In Postgres, replace DATE_DIFF(a, b, MONTH) with EXTRACT(YEAR FROM AGE(a, b)) * 12 + EXTRACT(MONTH FROM AGE(a, b)).
In BigQuery, the syntax above runs as-is.
Replace event_name = 'active_session' with whatever defines "active" for your product.

For a deeper walkthrough, PopSQL's BigQuery cohort retention tutorial annotates the same pattern line-by-line.

How do you do cohort analysis in Mixpanel, Amplitude, or PostHog?

If your events are already instrumented in a product analytics tool, the analysis takes 15-30 minutes and zero SQL. Each tool calls it something slightly different:

Mixpanel: Reports → Retention. Set "first event" to signup, "return event" to your active action. Choose monthly intervals. Mixpanel offers three retention models -- N-day, unbounded, and bracket -- which produce different curves. Use unbounded unless you have a specific reason not to.
Amplitude: Analyses → Retention. Same logic. Amplitude lets you split by user property (plan, country, channel) on the same chart -- useful for spotting which segment is driving the average.
PostHog: Product Analytics → Retention. Open-source and free up to 1M events/mo. PostHog's cohort builder lets you save a behavioral cohort and reuse it across feature flags and experiments.

All three calculate the same retention matrix shown in the spreadsheet method above. The cost is lock-in: if you change tools, you re-instrument. The benefit is real-time updates and clickable drill-down into individual users in any cell of the cohort table.

What does a healthy retention curve look like?

A healthy retention curve drops in the first 1-3 periods (the natural shakeout of bad-fit users), then flattens to a stable plateau or curves upward. The flattening is the signal you are looking for.

Andrew Chen, General Partner at a16z, listed "cohort retention curves that flatten" as his #1 magic metric for product-market fit. His logic: a flat line means a real subset of users have integrated your product into their workflow and stopped churning. Everything above that flat line is recoverable; everything below it is gone.
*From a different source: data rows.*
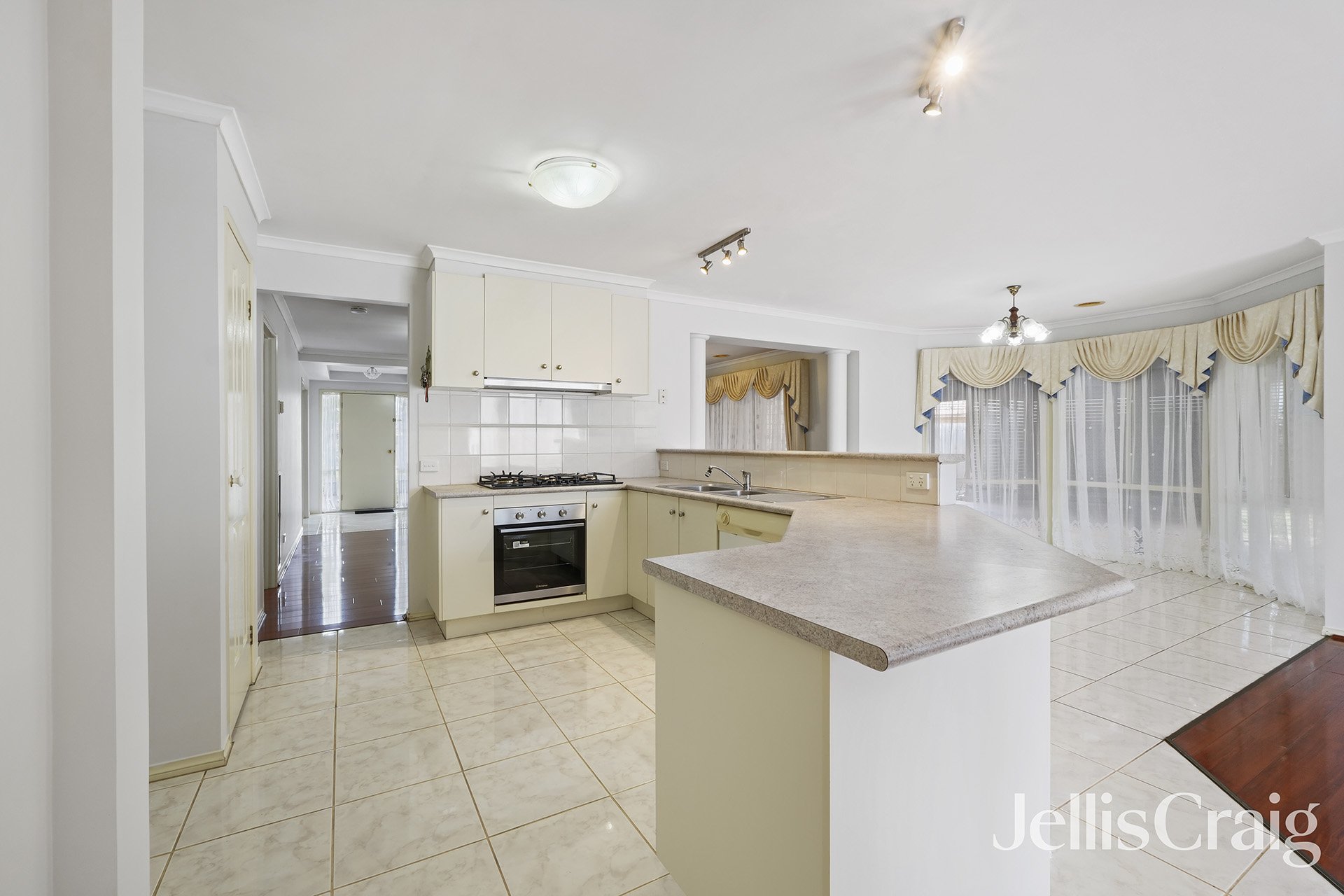 1 Murtoa Place, Cranbourne West image 4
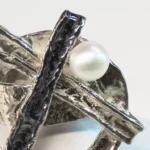 Anillo ajustable en plata texturizada y patinada con perla cultivada.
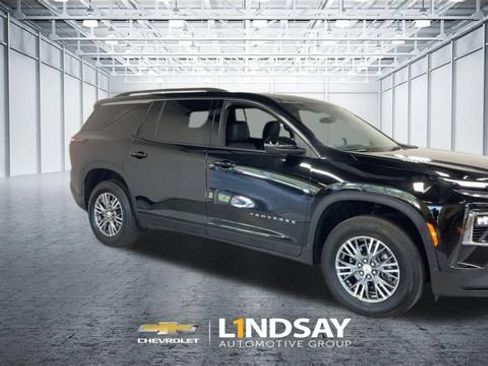 Used 2025 Chevrolet Traverse LT AWD/4WD image 3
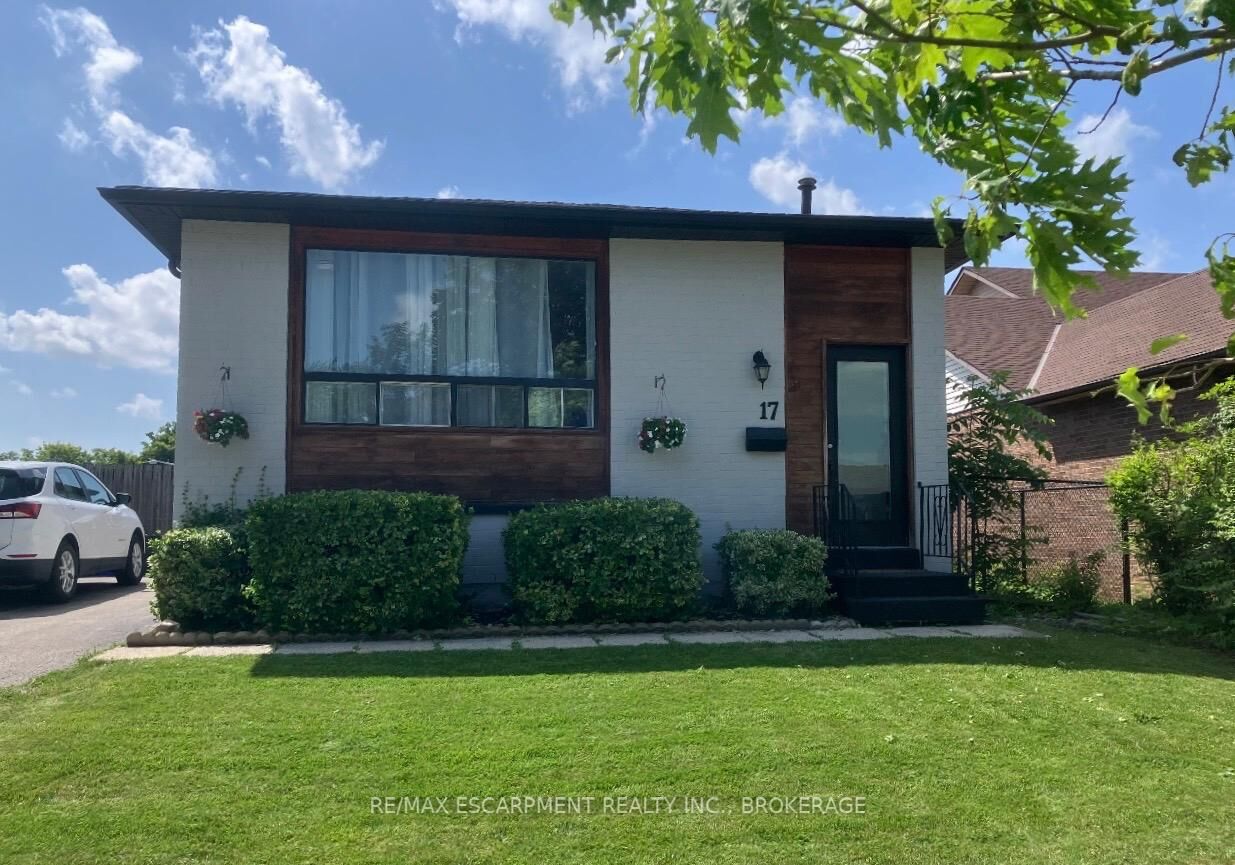 Property Photo:  17 Mellenby Street Upper  ON L8J 1E6 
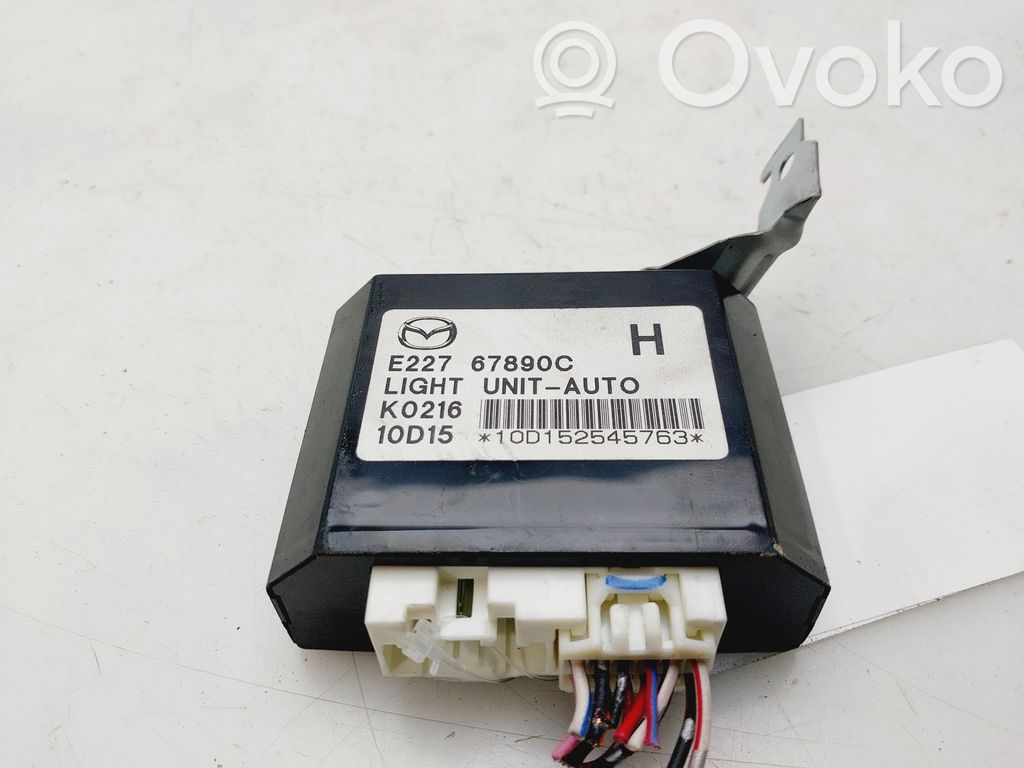 Muut ohjainlaitteet/moduulit   E22767890C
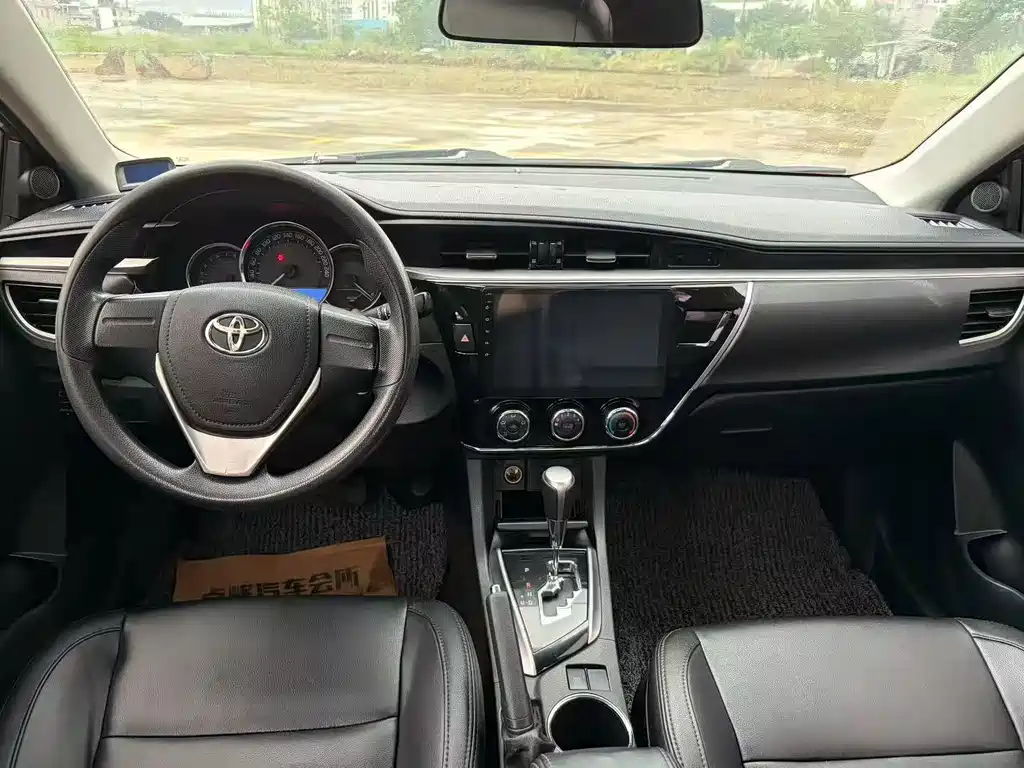 Toyota Corolla — миниатюра 7
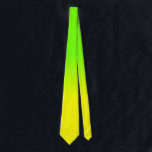 Cravate Ombré couleur vert néon et jaune néon<br><div class="desc">Un néon jaune brillant se fond dans un blur sombre avec du néon vert pour un flash de luminosité et de lumière</div>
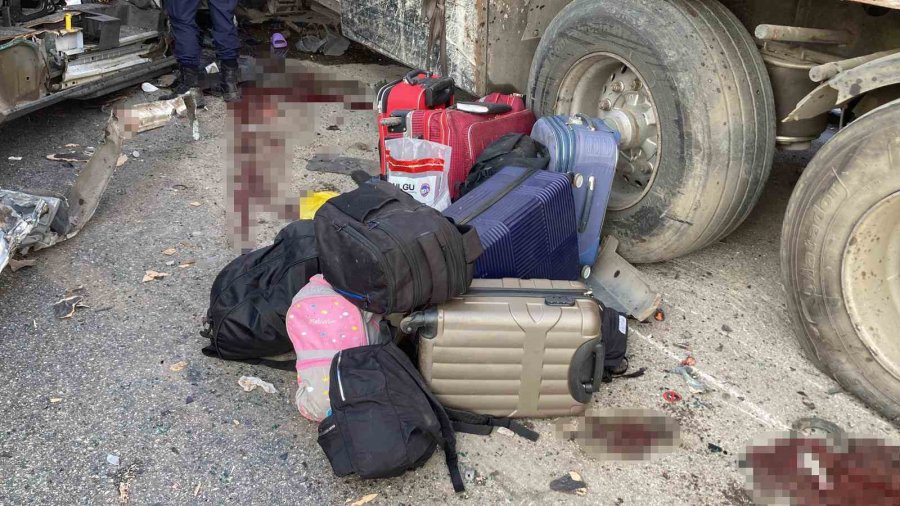 Öğrencileri Mersin’e Tatile Getiren Minibüs Kaza Yaptı: 2 Ölü, 10 Yaralı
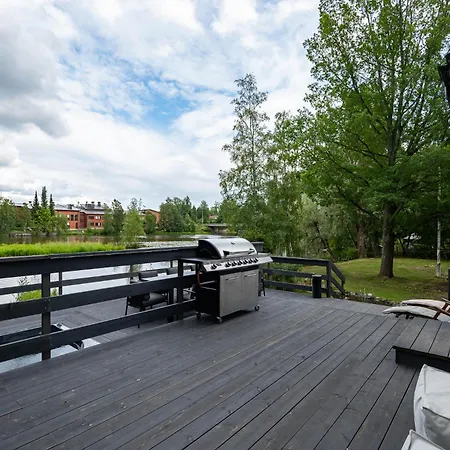 Gaia! - Luxury With Jacuzzi And Close To Trainstation 10 Minutes From City! 1,5 To Helsinki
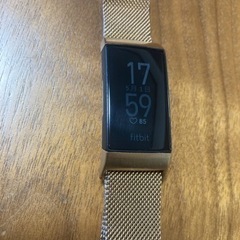 Fitbit charge3 値下げしました！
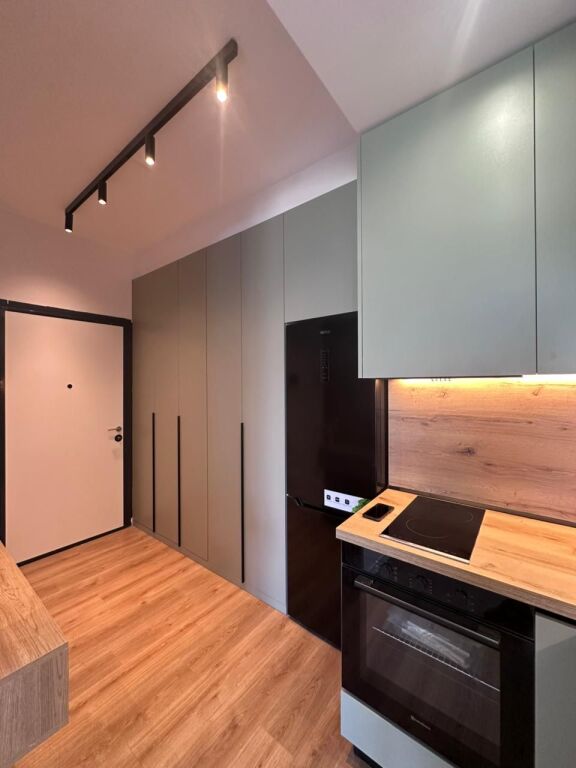 Studio apartment for rent at Golden Park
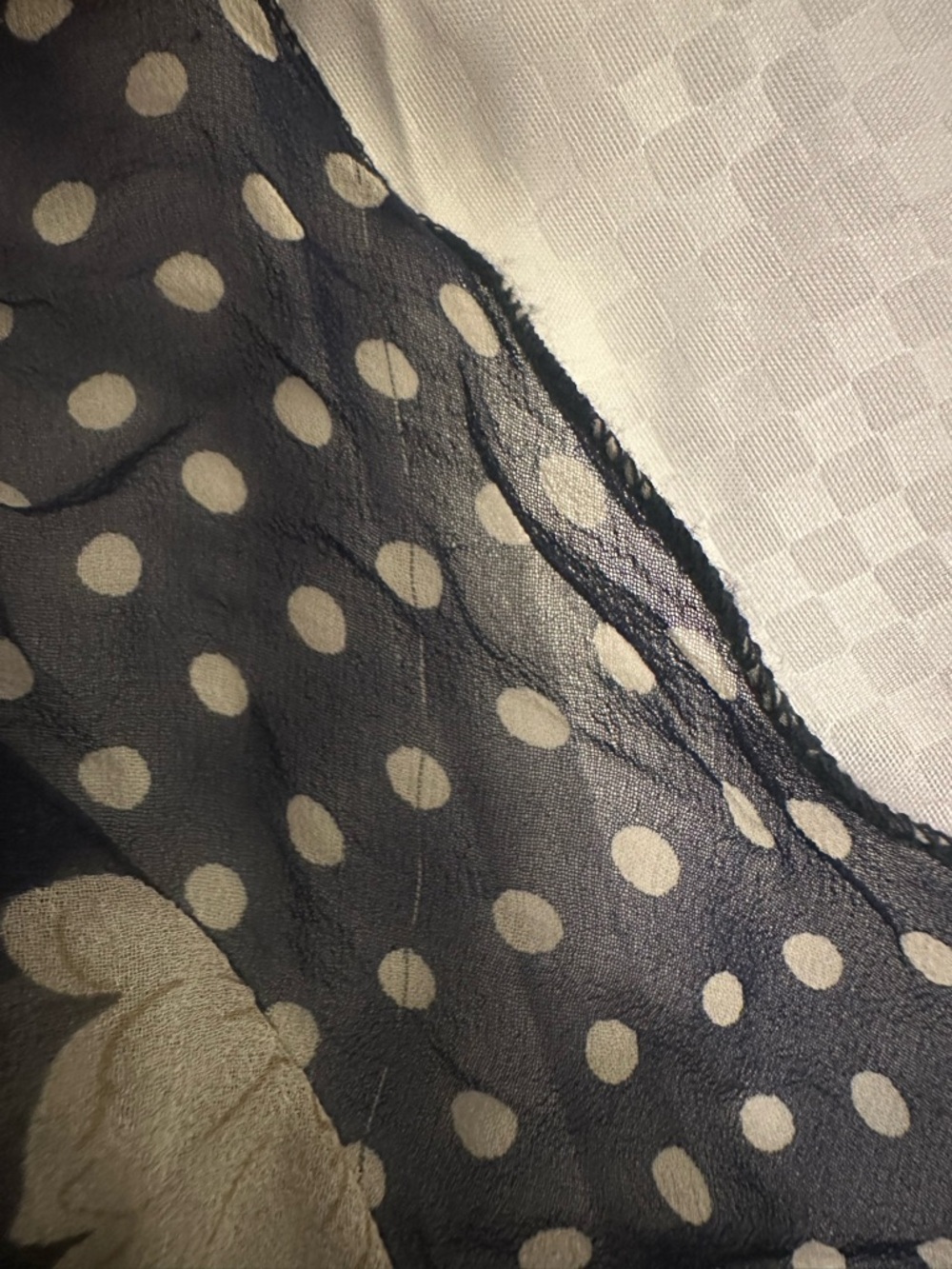 Lauren Ralph Lauren Floral 💯 Silk Scarf Black and Cream, polka dots - Picture 8 of 15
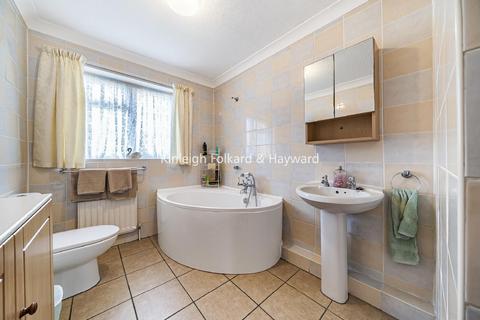11 Copley Dene, Bromley, BR1 2PW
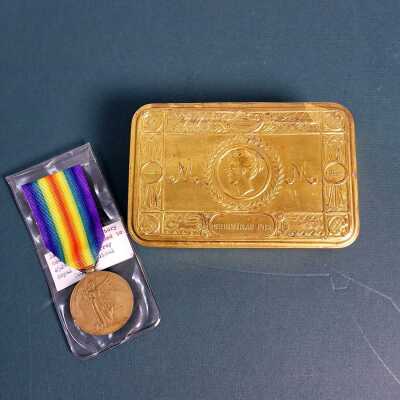 CHRISTMAS TIN & MEDAL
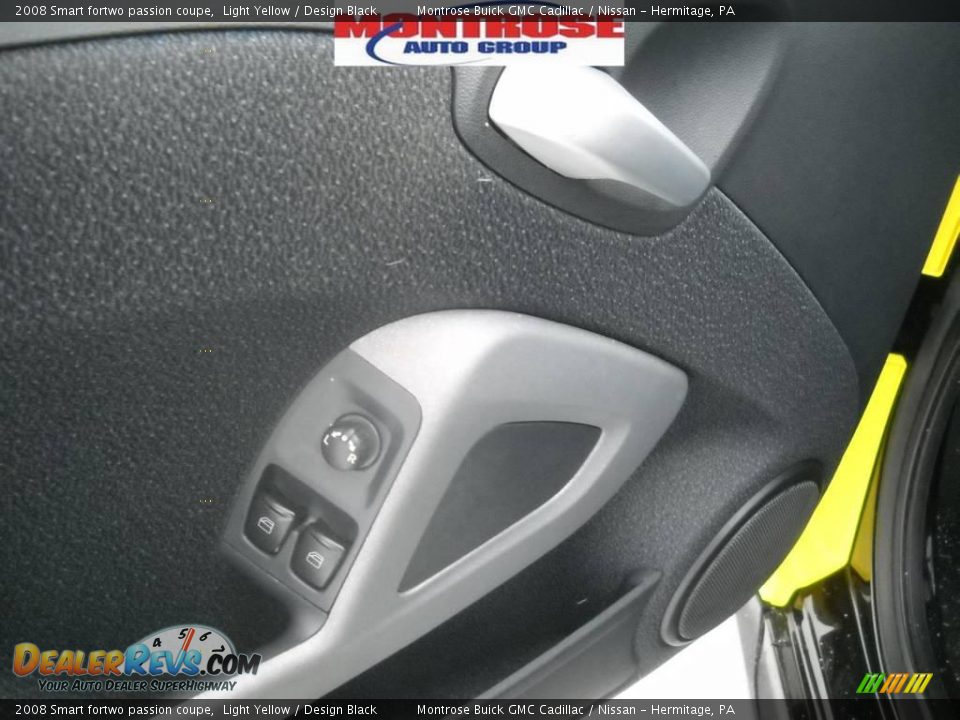 2008 Smart fortwo passion coupe Light Yellow / Design Black Photo #26
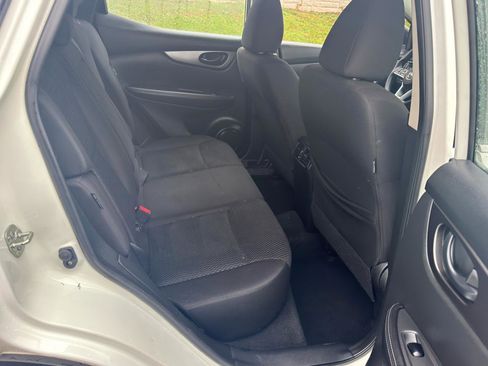 Used 2021 Nissan Rogue Sport S image 36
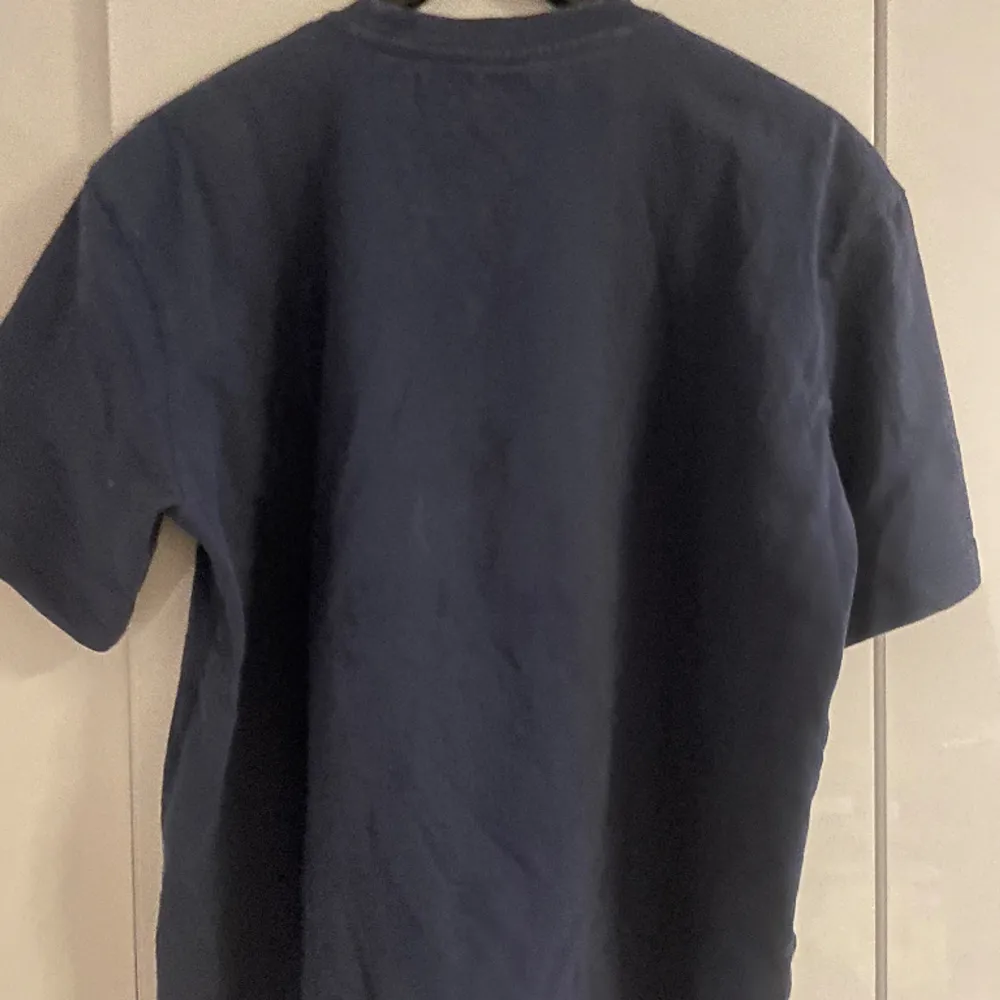 Oversized HM t shirt mörkblå Modell: heavyweight t-shirt relaxed fit  Storlek: S . T-shirts.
Four curve shapes you will actually see:

Shape	What it looks like	What it means
Cliff drop	100% → 20% by M2, then near-zero	Onboarding broken. Users sign up, do not get value, leave. Fix activation before anything else.
Slow decay	Steady 5-10% drop every month, no plateau	No product-market fit yet. The product works for nobody specific. Narrow the ICP.
Flattening	Drops 30-50% in M1-M3, then plateaus	Product-market fit with a defined core segment. Pour fuel on that segment's acquisition.
Smiling	Drops, plateaus, then curves upward	Best case. Existing users expand usage over time -- network effects, habit formation, or strong NRR.

A smiling curve is rare and is what consumer-social and viral products look like at their best. Most B2B SaaS targets a flattening curve. See the four retention curve shapes explained in detail for the underlying math.

What Each Retention Curve Shape Tells You About Product-Market Fit

Smiling curve (M3+ recovery)

85% of cohort retained at M6 (illustrative)

Flattening curve (stable plateau)

65% of cohort retained at M6 (illustrative)

Slow decay (gradual decline)

35% of cohort retained at M6 (illustrative)

Cliff drop (M0-M2 churn)

15% of cohort retained at M6 (illustrative)

Source: Andrew Chen, Magic Metrics for Product/Market Fit (2019, restated 2026)

What does a flattening retention curve mean?

A flattening retention curve means a real cohort of users has stopped churning. The visual signature of product-market fit is the slope going to zero above zero. Drop, drop, drop, then flat.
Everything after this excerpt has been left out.